Programmable Washing Cycles
Alger's Magnus Washer can accommodate 450 baskets of parts in each 10-hour shift. Baskets are 10 in. x 6 in. x 19 in. in length and are manually placed in an integrated carrier, which contains four parts baskets. They are then automatically sequenced through the washer. The next time the operator handles the parts is to load them into shipping containers.
The Magnus Mag 30 Automatic Cleaning System is an eight-stage washer with five wet stages and three dry stages. The first stage is a pre-wash that removes most of the oils and chips. This stage has a new Liquid Sweep System to remove the bulk of the chips from the wash tank and a coalescer to remove most of the oil. The second stage is a final wash with filtration and coalescing, followed by two rinses with counter-flowing and a fifth stage for rust prevention to protect the mild steel parts. This stage is skipped for brass and stainless steel parts. Each stage features an aggressive vertical immersion agitation with rotation to insure that the parts in the middle of the batch are as clean as the parts on the outside of the nested batch. The parts are nested in the basket with a fixture to prevent the parts from tumbling onto each other. The fixture also allows tumbling if needed. The dryer uses high temperatures with high air velocity and rotation to insure that all the parts are completely dry. The cycle time is two to five minutes so that approximately every three and a half minutes a parts carrier is sequenced through each stage of the process. Typically it takes 25 to 30 minutes to run a carrier through the system with carriers exiting the machine every three and a half minutes.

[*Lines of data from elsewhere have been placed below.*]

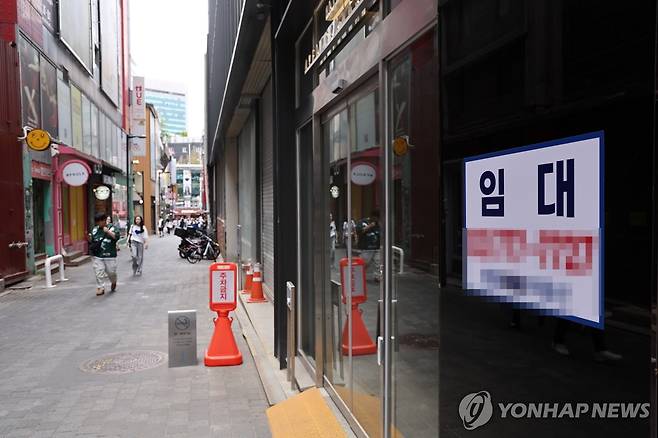 '코로나 빚 탕감' 규모 커지고 속도 빨라진다…배드뱅크 본격화 (서울=연합뉴스) 윤동진 기자 = 이재명 정부 출범에 맞춰 소상공인 등 취약계층의 채무 소각을 위한 '배드뱅크' 설립 논의가 본격화됐다. 8일 금융당국과 정치권에 따르면 금융위원회는 이재명 대통령의 주요 공약으로 언급된 코로나 대출 탕감·조정 방안을 구체화하는 작업에 착수했다. 사진은 8일 서울 명동 거리. 2025.6.8 mon@yna.co.kr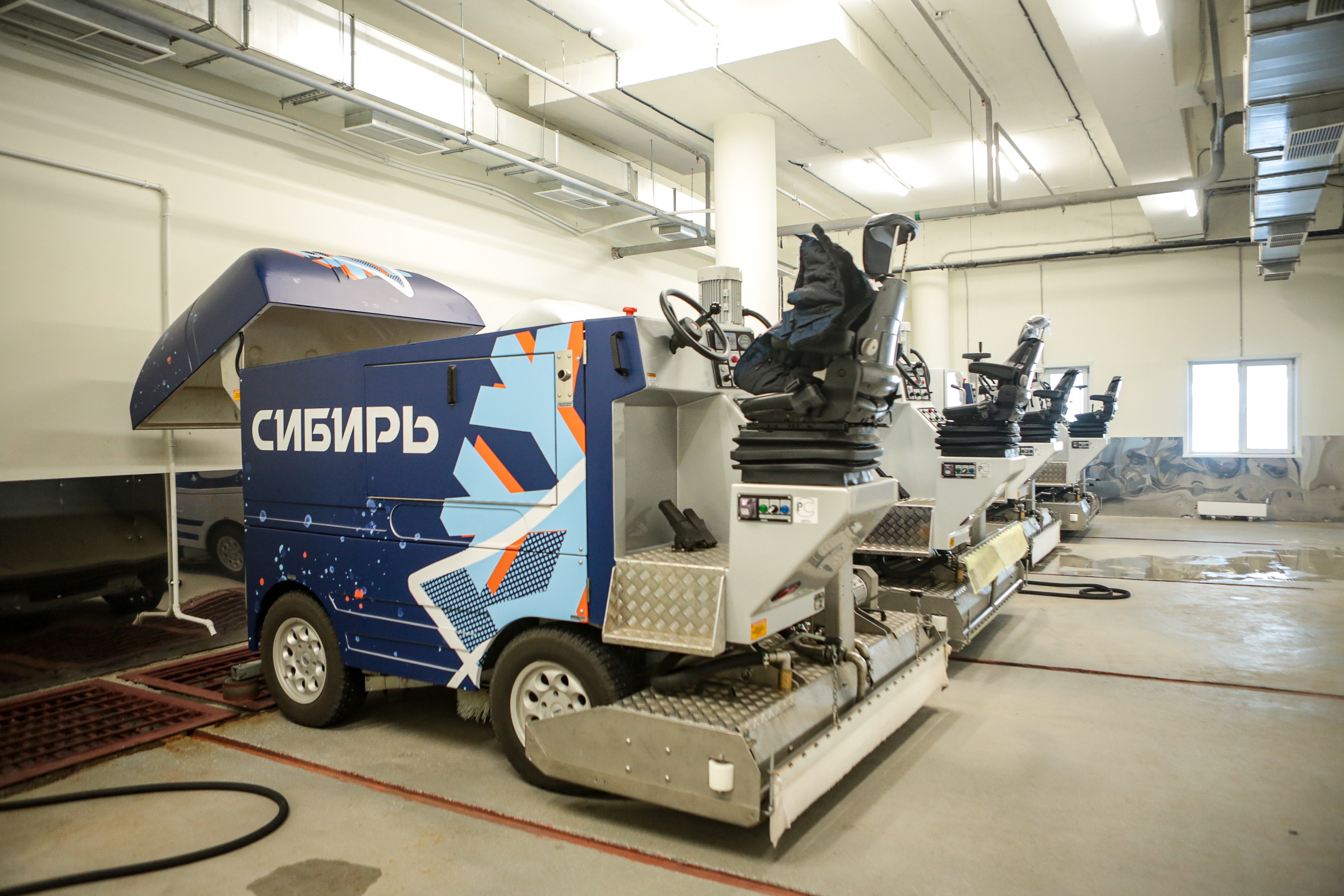 Ледозаливочные комбайны «Сибирь-Арены»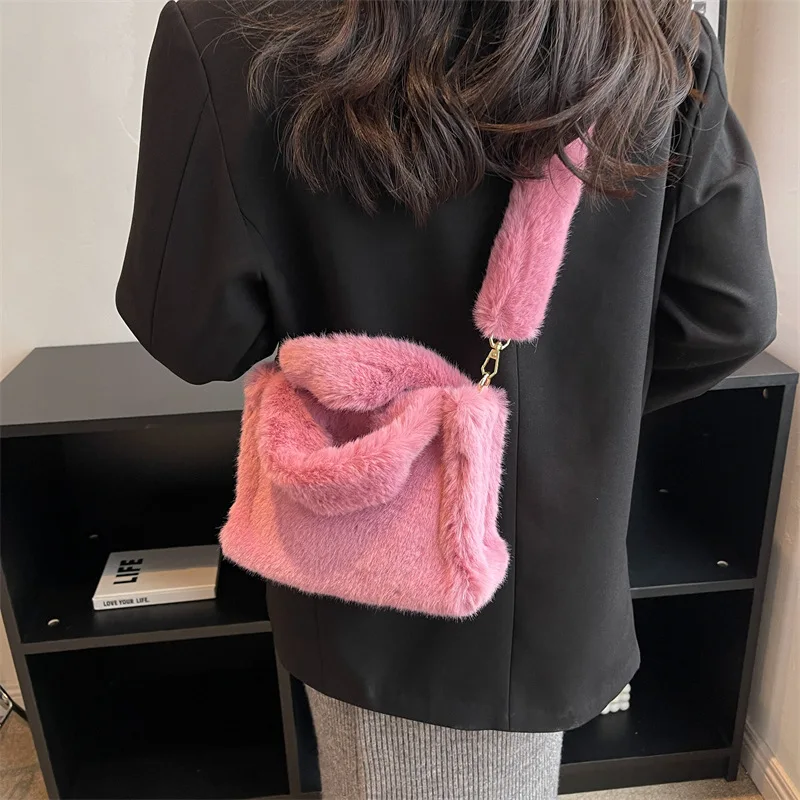 

Зимняя модная дизайнерская сумочка для женщин с длинным ремешком, мягкая фетровая плюшевая маленькая сумка-тоут для подмышек, женские сумк...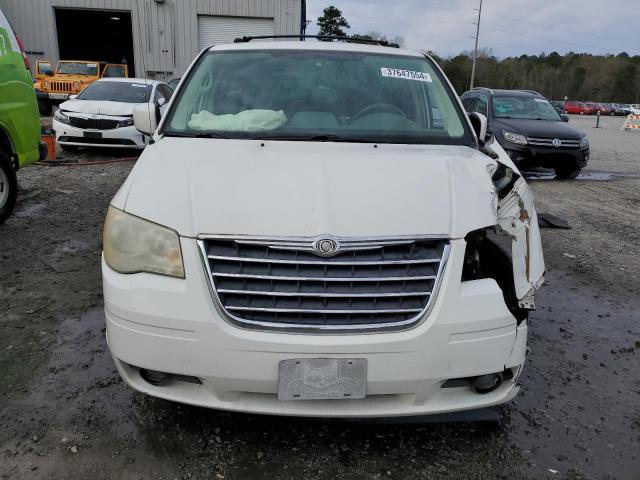 Photo 5 from auction – 2008 CHRYSLER TOWN & COU with VIN 2A8HR54P58R731353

An important feature of this cleaning system is the separate tanks utilized for each process stage. This is a drastic departure from many of the cleaning systems that utilize one cleaning chamber for cleaning, rinsing, and drying. The separate tank approach minimizes the cross contamination within the process stages, which is a common problem for most cleaning systems.
Andy Niksa, vice president and general manager for Magnus Equipment, said that their washers are designed and built to be mechanically and process robust. "We realize that washing systems are not necessarily going to be a high priority operation in the plant. Therefore we make sure they are process robust. For precision cleaning operations we always recommend a two-stage wash system. If an operator misses doing the maintenance on the washer, we make sure our equipment will continue to clean without problems. We manufacture our washer tanks to hold a greater volume of solvent to absorb oils and to assimilate part batches that have far greater contamination than normal without breaking down the wash systems chemical balance. In an industrial system, it is not whether a part-washing problem will happen; it is when it will happen. So we design our equipment with the process robustness to manage it."
So pleased were they with the success of its Magnus system, Alger installed a similar machine to support work in the company's Arizona screw machine facility. "It is a lot smaller unit that does much the same thing," explains Robinson. "However, their part transfer between tanks is done manually. The movements during washing -- the mechanical up-and-down motion -- are the same."